Mortgage lenders consider several factors when determining whether you qualify for a loan. Your FICO credit score and front-end, debt-to-income ratio provide lenders with information that shows how likely you are to make your monthly mortgage payments. If your FICO score is too low or your front-end ratio too high, you might struggle to qualify for a mortgage loan.

FICO Credit Score

When reviewing your application for a mortgage loan, a lender takes a close look at your three-digit FICO credit score. This score tells lenders how well you've managed your money in the past. Your credit score reflects whether you've missed several car payments, run up large amounts of debt and often paid your credit-card bills late. A high score, though, means that you pay your bills on time and are not overwhelmed with credit-card debt. Lenders vary, but in general, most consider FICO credit scores of 740 or higher to be good. You might struggle to obtain a conventional loan with a credit score under 640. You can, though, obtain a mortgage loan insured by the Federal Housing Administration -- better known as an FHA loan -- with a credit score as low as 500.

Front-End Ratio

Lenders also consider whether you make enough money each month to afford a mortgage payment. The lender determines this by calculating your front-end, debt-to-income ratio. This ratio provides lenders with a quick look at how much of your gross monthly income -- your income before taxes are taken out -- is consumed by your total estimated mortgage payment, including principal, taxes, interest and insurance. In general, lenders want your total housing payment to equal no more than 28 percent of your gross monthly income.
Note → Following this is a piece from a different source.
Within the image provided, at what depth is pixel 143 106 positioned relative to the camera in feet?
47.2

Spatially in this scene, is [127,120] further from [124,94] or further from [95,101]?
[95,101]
If your front-end ratio is higher than this, you might struggle to convince a conventional mortgage lender to loan you money.

Interest Rates

Your FICO credit score and front-end debt-to-income ratio also help determine the interest rate you'll pay on your mortgage. In general, lenders reserve their lowest interest rates for borrowers with a front-end ratio below 28 percent and a FICO credit score of 740 or higher. This is important; a lower interest rate can save you hundreds of dollars each month. If you take out a $200,000, fixed-rate, 30-year mortgage loan with an interest rate of 6 percent, you'll pay about $1,199 a month. If you take out that same loan but drop your interest rate to 3.5 percent, you'll pay just about $898 a month.

Other Factors

Lenders don't just consider your front-end ratio and FICO credit score when determining whether you qualify for a loan. They also look at the amount of money you can provide in the form of a down payment, how long you've worked with your current employer, how long you've been employed in the same field and how your total monthly debts -- including your estimated new mortgage payments, minimum monthly credit-card payments and car-loan payments -- compare to your gross monthly income. The stronger your overall financial health, the more likely you'll be able to qualify for a mortgage loan even if your front-end ratio and FICO credit score aren't as strong as you'd like.